By Chad E. Hart, extension economist, Iowa State University, 515-294-9911, email@example.com
USDA recently released its first planting estimates for the 2006 crops. Comparing these estimates to the planting intentions gathered in March of this year, corn acreage increased while soybean acreage declined. For corn, Iowa plantings rose by 200,000 acres and national acreage increased by 1.35 million acres. Soybean plantings fell by 300,000 acres in Iowa and by 1.97 million acres nationally.
The difference between planting intentions and planted acreage was created by a combination of weather events and crop price movements. The March planting intentions showed that agricultural producers were concerned with the projections of higher input costs for fuels and fertilizers. That concern was backed up by their intention to plant more soybeans and less corn, a movement from a higher-input-intensive crop to a lower-cost crop. The June planting report indicates farmers backtracked somewhat on this move. Weather conditions through April and May allowed planting to proceed at a brisk pace. This gave producers opportunities to put more corn in the ground than they expected. Also, as shown in Figure 1, crop price movements since the end of March have favored corn over soybeans. For the harvest futures contracts for 2006, corn prices have increased by 5 percent while soybean prices have increased by 2 percent. These relatively higher corn prices throughout the planting season also provided incentives to producers to shift acreage back to corn.
Projections for 2006 and 2007
Table 1 contains two sets of net return projections for corn and soybeans. The only differences between the two projections are projected harvest time prices. The trend yields are estimated from national yield data for 1980-2005. Harvest price projections are taken from the December 2006 corn and the November 2006 soybean futures contracts. Variable costs of production estimates are obtained from USDA’s Economic Research Service. Net return per acre is computed as the trend yield times the harvest price less the variable costs of production. As the table shows, based on March 30 prices, corn held a slight advantage over soybeans in net returns. Price movements since then have added to corn’s advantage, so that now corn net returns are projected to be $30 per acre over soybean net returns. Producers saw strong economic incentives to back away from their March planting intentions and return acreage back to corn.

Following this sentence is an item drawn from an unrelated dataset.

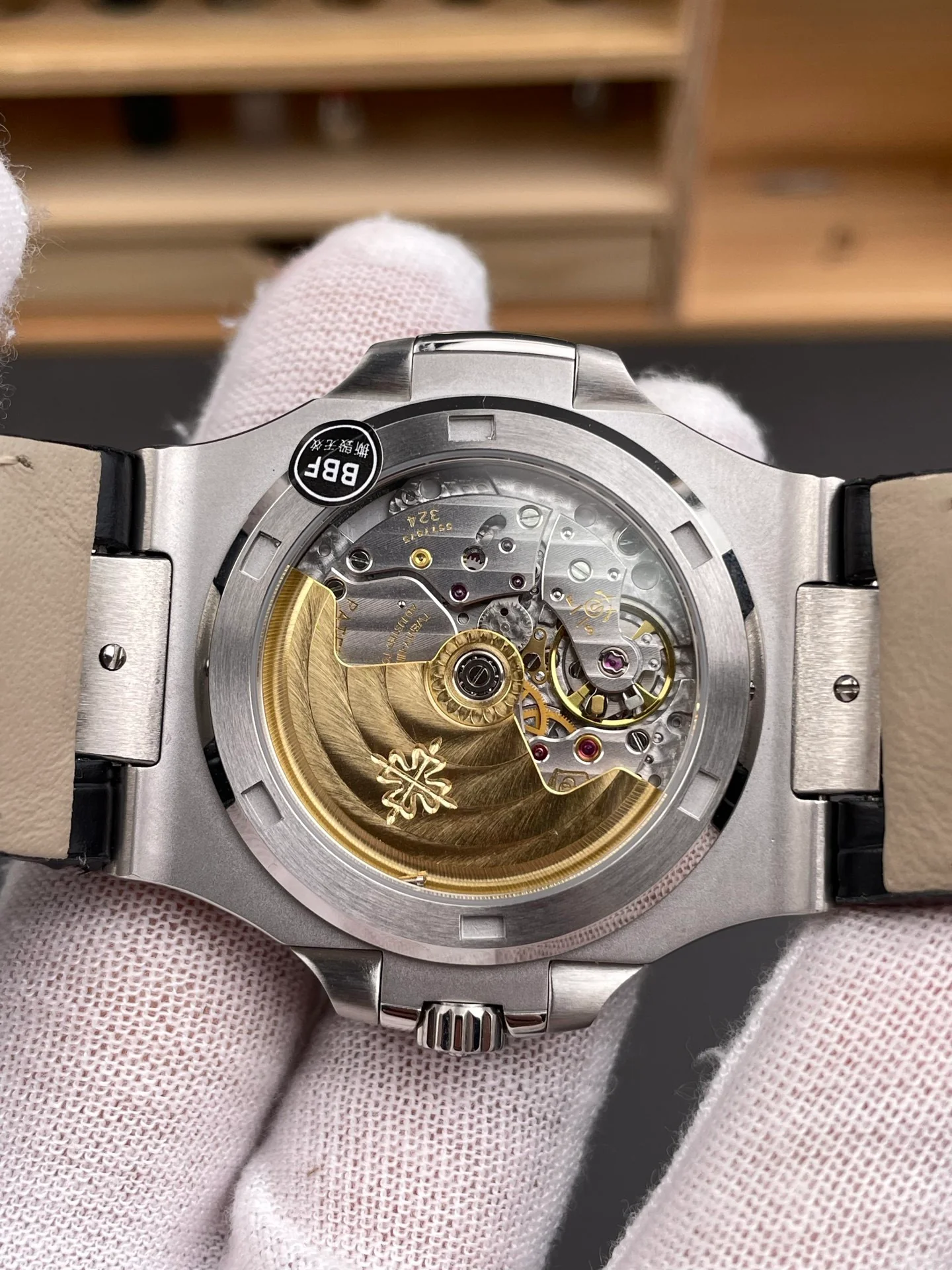 Nautilus 5711G Grey Dial Leather Stra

Looking forward to the 2007 crop year, the current price signals are pointing even more strongly to corn. Figure 2 shows the relative changes in corn and soybean harvest futures prices for the 2007 crop year. Since March, the December 2007 corn futures price has risen 31¢ a bushel, an 11 percent increase. The November 2007 soybean futures price has risen 35¢ a bushel, a 5.5 percent increase. These moves put December 2007 corn at over $3.00 a bushel and November 2007 soybeans at $6.67 a bushel. To put these prices in perspective, let’s look at the 1990-2005 average futures prices for the December corn and November soybean contracts from mid-July, one and a half years before harvest.
Corn prices averaged $2.52/bushel while soybeans averaged $5.81/bushel. So both the corn and soybean prices going into 2007 are well above average levels. In fact, over those 16 years, none of the corn prices exceeded $3.00 a bushel, and only in one year did the soybean price register above $6.67 a bushel ($7.02 in July 1996 for the November 1997 soybean contract). But the corn price is 22 percent above average while the soybean price is 15 percent above average. Both prices indicate demand for more acreage of both crops, but the corn signal is stronger.

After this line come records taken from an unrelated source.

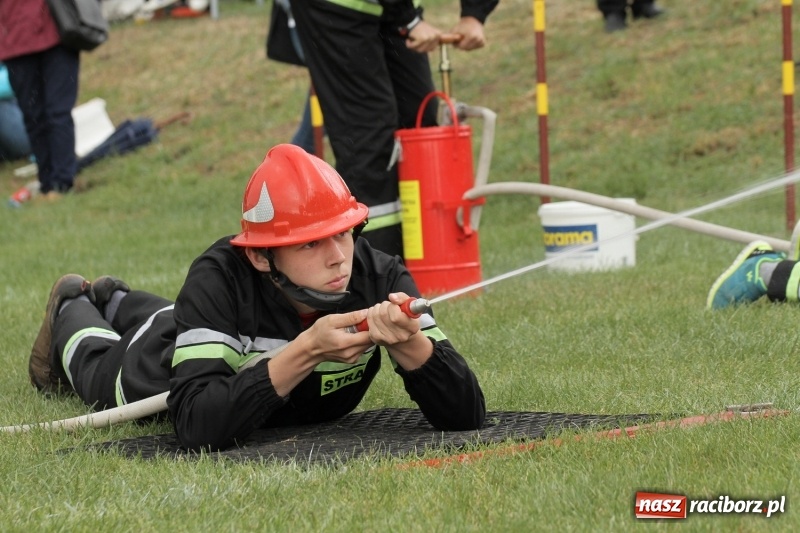 Zdjęcie w galerii na portalu naszraciborz.pl: Samborowice rywalizowały same ze sobą. Wynik pierwszej drużyny poniżej setki! wiadomości z regionu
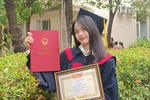 Hành trình vượt khó vào ĐH và trở thành thủ khoa đầu ra của nữ sinh người Nùng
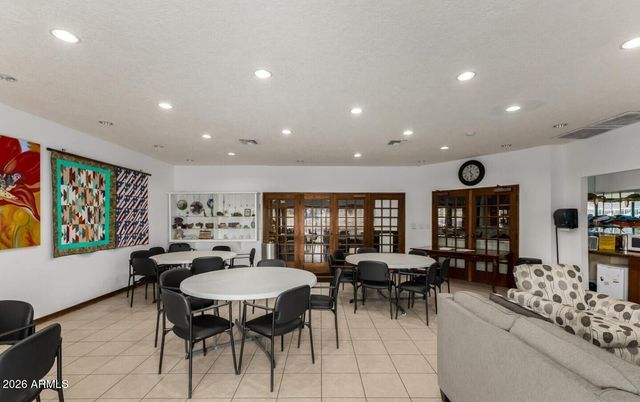 111 S GREENFIELD Road 90, Mesa, AZ 85206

Table 2 shows projections for corn and soybean net returns based on trend yields, current futures prices for 2007, and increased production costs. For the variable costs of production, the 2007 value is the 2006 value plus an upward adjustment reflecting the same percentage growth in costs as was experienced between 2005 and 2006. Corn’s projected net return gap over soybeans increases to $60 per acre. These projections indicate that we should expect to see increased corn acreage in 2007.
Drivers of Corn Demand
The strength of the corn and soybean prices is somewhat surprising given the last two production years. For both corn and soybeans, the 2004 crop year is the all-time record for production and the 2005 crop year is the second highest. So recent production has not been lacking. Corn stocks are up slightly from last year and soybean stocks are at record levels, up 42 percent from last year. So crop stocks are not low. Expected strong demand for the crops seems to be the driving factor behind the strength in corn and soybean prices.

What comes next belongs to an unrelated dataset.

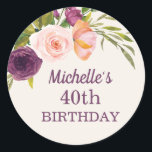 Paarse Blush Pink Floral Cream 40th Birthday Ronde Sticker<br><div class="desc">Prachtige paarse en wazige roze waterverf floral on crème-kleurige enveloppe voor de verzegeling van de 40e verjaardag van de sticker voor vrouwen. Neem contact met ons op voor hulp bij aanpassingen of om passende producten aan te vragen.</div>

Part of that demand is coming from the livestock sector. In the past two years, cattle and hog producers have made a lot of money, an economic signal to expand their herds. Recent cattle inventory figures show that we may have entered an upturn in the U.S. cattle cycle, as cattle inventories are running higher than in the previous two years. Quarterly inventories of hogs are holding above 60 million head, and breeding hog inventories are up from last year. The increase in livestock inventories translates into increased demand for feedstocks--corn and soybean meal.
Another segment of demand is the ethanol boom. Ethanol production has more than doubled since 2001. In 2005, over 3.9 billion gallons of ethanol was produced in the United States. The vast majority of this ethanol was derived from corn. In 2001, 681 million bushels of corn were dedicated to ethanol production. By 2005, that amount had grown to 1.43 billion bushels. The ethanol industry is poised to become the second-largest market segment for corn, trailing only livestock feed and surpassing exports.
The Energy Policy Act of 2005 established a renewable fuels standard that grows from 4 billion gallons in 2006 to 7.5 billion gallons in 2012. Ethanol is positioned as the fuel to meet this standard. Current production already exceeds the 2006 target. There are over 100 ethanol plants currently in operation. Several of these plants are expanding and over 30 more plants are in the planning and/or construction stages. Based on these plants alone, the ethanol industry could grow to 7 billion gallons within the next year and a half.
Increased feed demand and increased ethanol demand translate into higher expected futures prices for both corn and soybeans. The market wants more of both commodities, but there is a limited supply of acreage. Current market signals indicate that the market wants corn acres more than soybean acres. If this trend continues, expect Iowa corn acreage to grow, Iowa soybean acreage to decline, and the proportion of Iowa acreage enrolled in the Conservation Reserve Program to shrink.